** Work instructions **
Please give again exactly the lines from the top of the material through the line with "Fiat 500C 0.9 TwinAir Turbo Young"; omit each picture.

+++++

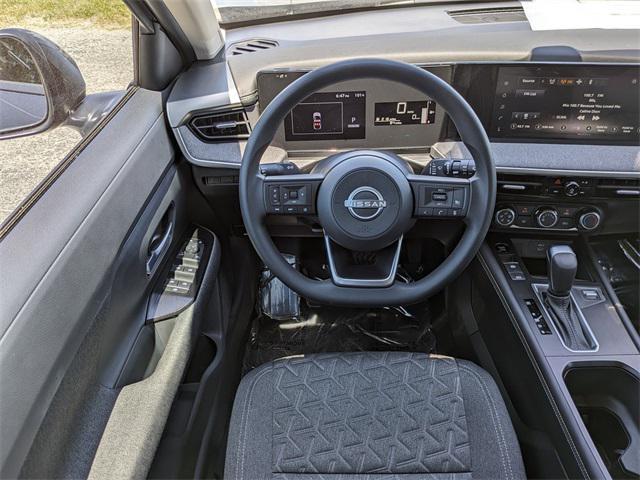 new 2025 Nissan Kicks car, priced at $26,183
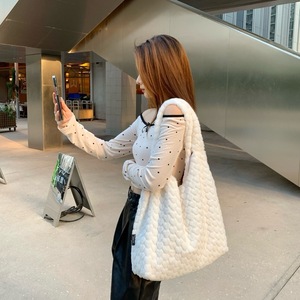 Kore INS tarzı özel Y2K kız kabarık omuzdan askili çanta sevimli aşk kalp desen tüylü yelek alışveriş çantası nakış dekorasyon ile - Product Image 3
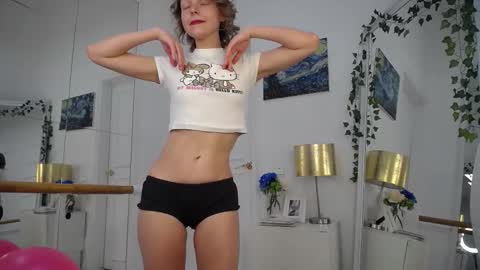 mira_marni online show from October 3, 11:59 am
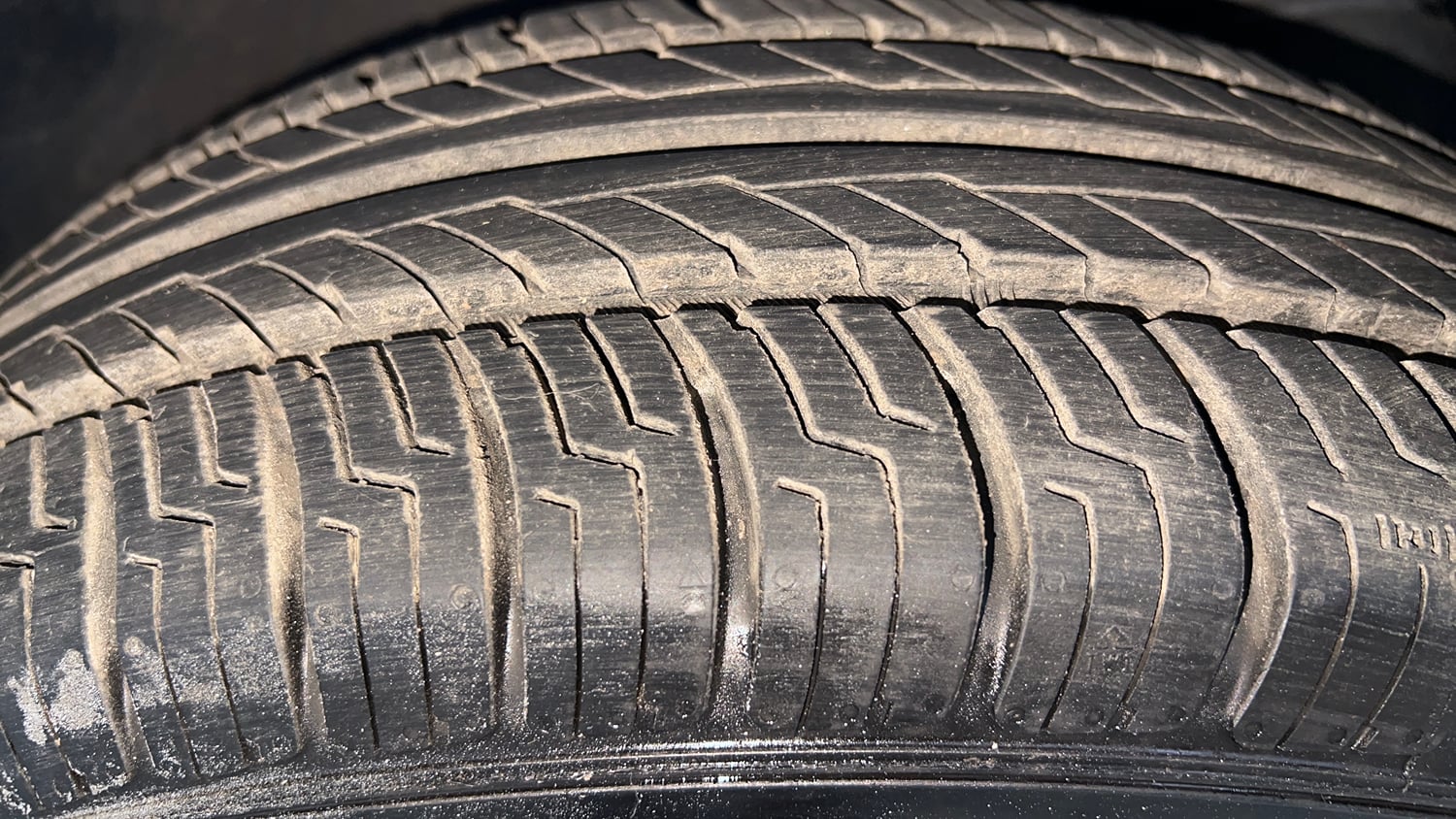 Used 2016 Maruti Suzuki Baleno Delta 1.2 Petrol Manual tyres RIGHT FRONT TYRE TREAD VIEW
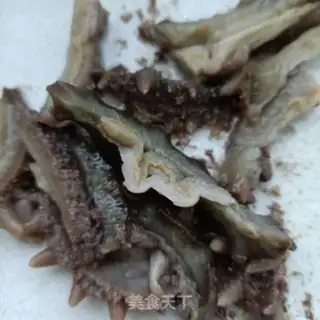 Make The sea cucumbers make carrots step 2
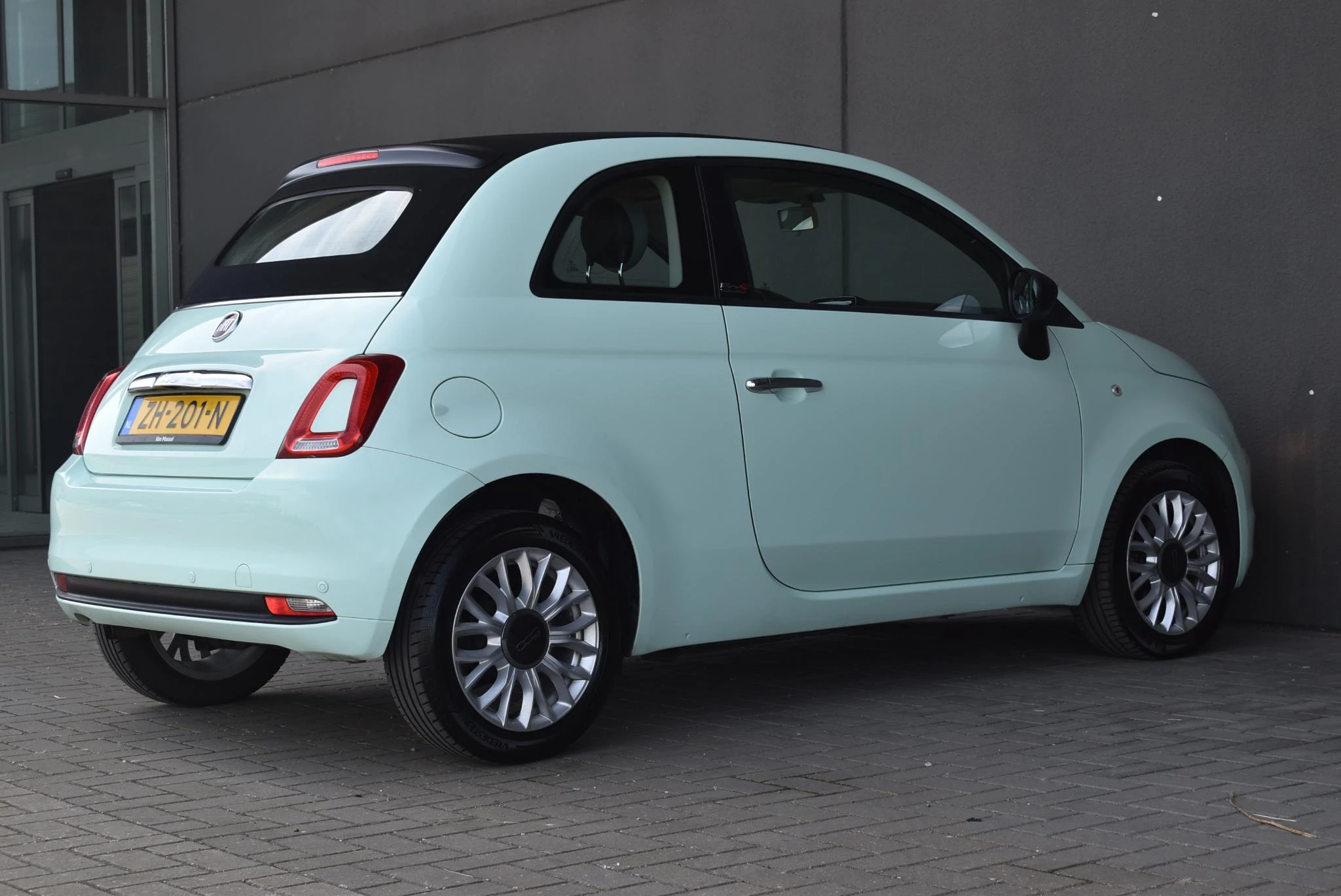 Fiat 500C 0.9 TwinAir Turbo Young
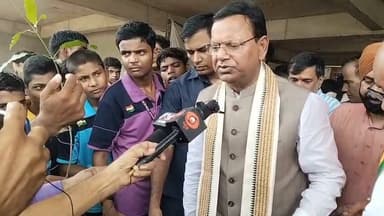 🌳 "एक पेड़ माँ के नाम" — पर्यावरण संरक्षण की ओर प्रेरक पहल 🌿
फूलबेहड़ (खीरी)। इंदिरा मनोरंजन पार्क के पास स्थित नवभारत इंटरनेशनल पब्लिक स्कूल में आयोजित "एक पेड़ माँ के नाम" अभियान के अंतर्गत भाजपा प्रदेश अध्यक्ष पंकज कुमार चौधरी ने नीम का पौधा रोपित कर विद्यार्थियों को पर्यावरण संरक्षण का संकल्प दिलाया।
इस अवसर पर अवध क्षेत्र अध्यक्ष अवधेश द्विवेदी, जनप्रतिनिधि, विद्यालय के शिक्षकगण एवं छात्र-छात्राएं उपस्थित रहे। सभी ने अधिक से अधिक पौधे लगाने, उनकी देखभाल करने और हरित पर्यावरण के निर्माण में अपनी सक्रिय भागीदारी निभाने का संकल्प लिया।
🌱 आइए, हम भी "एक पेड़ माँ के नाम" लगाकर प्रकृति और आने वाली पीढ़ियों के लिए हरियाली का उपहार दें।
#EkPedMaaKeNaam #PlantationDrive #Environment #GreenIndia #LakhimpurKheri #Phoolbehad #BJP #TreePlantation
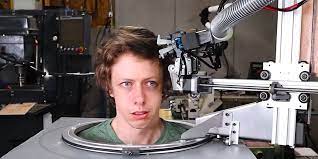 हेयरकटसाठी तयार केला रोबोट A robot designed for haircuts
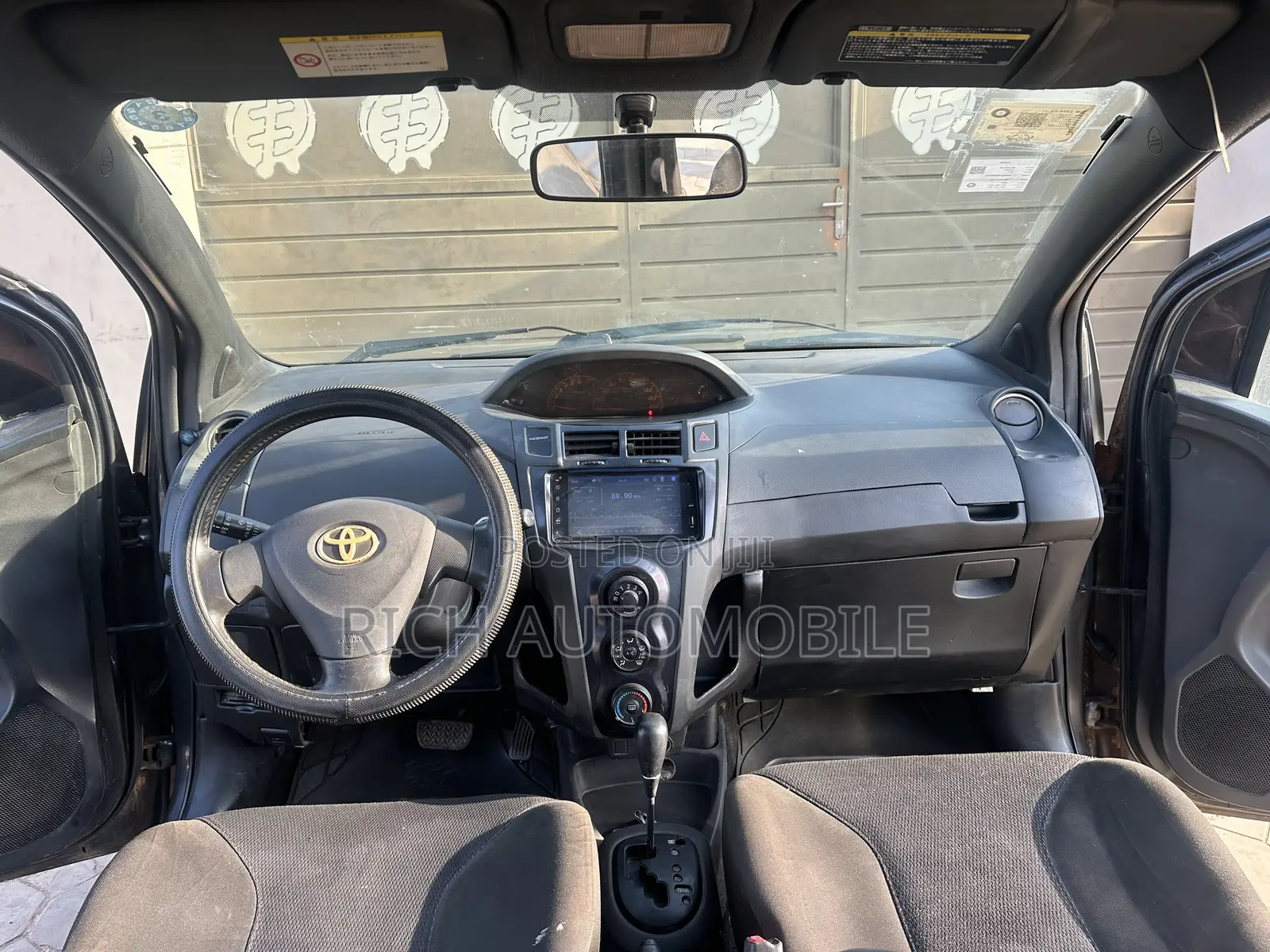 Toyota Vitz 1.3 FWD 3dr 2010 Gray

+++++

** Your solution **
 new 2025 Nissan Kicks car, priced at $26,183
 Kore INS tarzı özel Y2K kız kabarık omuzdan askili çanta sevimli aşk kalp desen tüylü yelek alışveriş çantası nakış dekorasyon ile - Product Image 3
 mira_marni online show from October 3, 11:59 am
 Used 2016 Maruti Suzuki Baleno Delta 1.2 Petrol Manual tyres RIGHT FRONT TYRE TREAD VIEW
 Make The sea cucumbers make carrots step 2
 Fiat 500C 0.9 TwinAir Turbo Young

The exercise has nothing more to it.